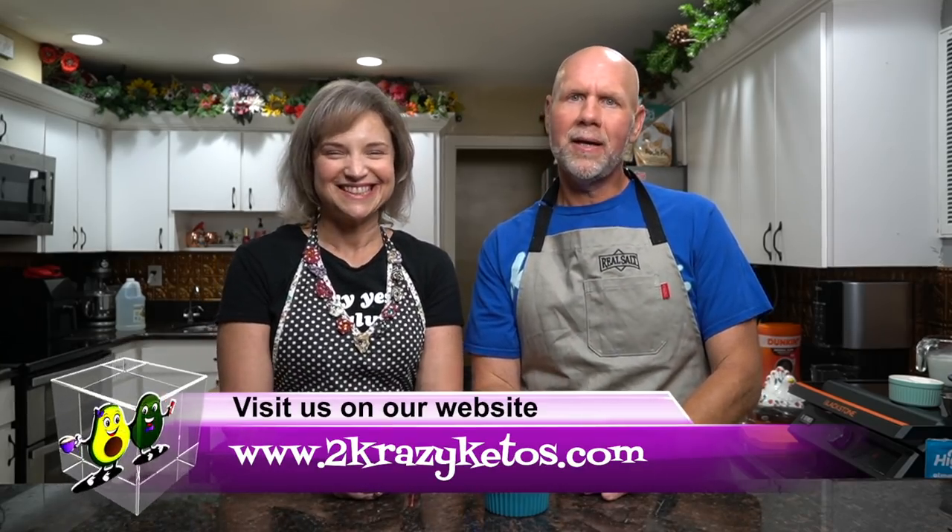Hey, what's up family? I'm Rachel and I'm Joe, and we are Two Crazy Ketos. If you're new to our channel, welcome. Here on Two Crazy Ketos, we do different things like product reviews, recipe videos, and we talk about various keto topics. Every Monday we go live on Keto on the Couch where we talk about what's going on in our lives for the week. You can find us on Facebook, Instagram, and Twitter, and we have a website at TwoCrazyKetos.com where you can find all the different recipes. We upload at least five new videos every single week, so make sure you subscribe to our channel and hit the little bell icon so you'll be alerted every time we upload a new video.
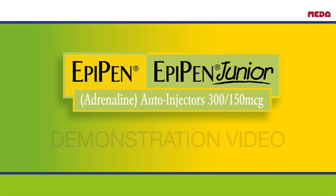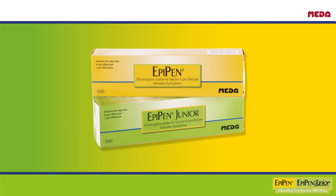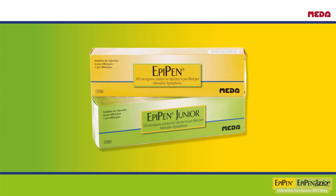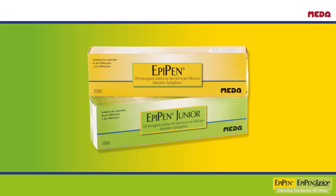Hello and welcome to this EpiPen Adrenaline Auto Injector Training. This video will show you the main features of EpiPen and how to correctly administer it. It will also teach you how to practice with your EpiPen Trainer Pen. Watch this training often and show it to family, friends, and anyone else who may need to administer your EpiPen. Try using your Trainer Pen when you watch this video so you know how to use your EpiPen in an emergency.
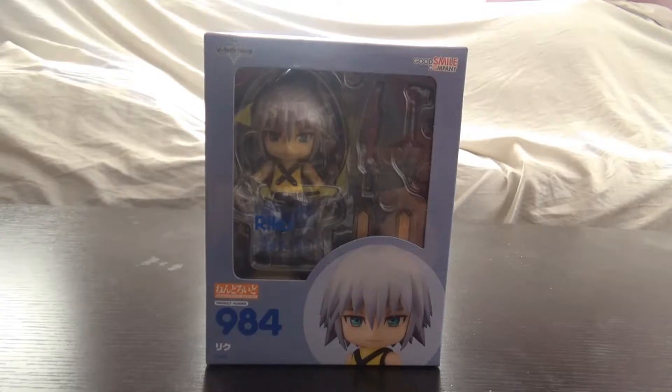Hey guys, welcome back for another Android unboxing. Today we take a look at Riku from Kingdom Hearts 1 — nobody likes Kingdom Hearts 1 Riku, everybody hates him. Kingdom Hearts 1 Riku actually kind of sucks, now that I think about it carefully. So it's Riku based on his Kingdom Hearts 1 appearance, to go along with your Sora.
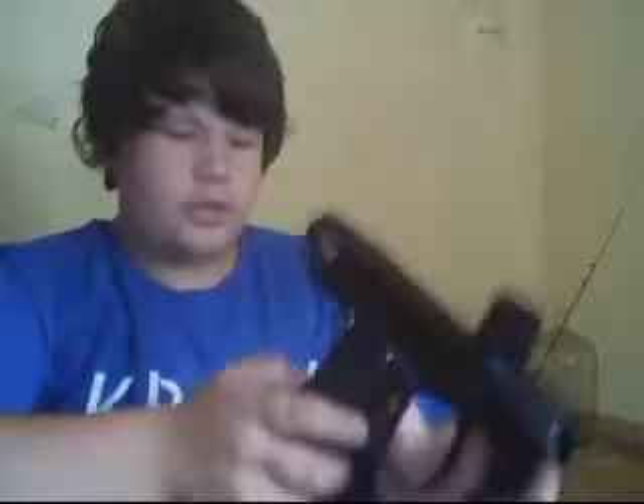And here is my gun. I have the Proto SLG 2008. Right now it's set on semi-automatic and I'll show you.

> [WHAT TO PRODUCE]:
Extract only the lines from the line containing "Hello and welcome" through the final line of the listing above, unchanged; pictures stay out of the copy.

> [WRITTEN ANSWER]:
Hello and welcome to this EpiPen Adrenaline Auto Injector Training. This video will show you the main features of EpiPen and how to correctly administer it. It will also teach you how to practice with your EpiPen Trainer Pen. Watch this training often and show it to family, friends, and anyone else who may need to administer your EpiPen. Try using your Trainer Pen when you watch this video so you know how to use your EpiPen in an emergency.
Hey guys, welcome back for another Android unboxing. Today we take a look at Riku from Kingdom Hearts 1 — nobody likes Kingdom Hearts 1 Riku, everybody hates him. Kingdom Hearts 1 Riku actually kind of sucks, now that I think about it carefully. So it's Riku based on his Kingdom Hearts 1 appearance, to go along with your Sora.
And here is my gun. I have the Proto SLG 2008. Right now it's set on semi-automatic and I'll show you.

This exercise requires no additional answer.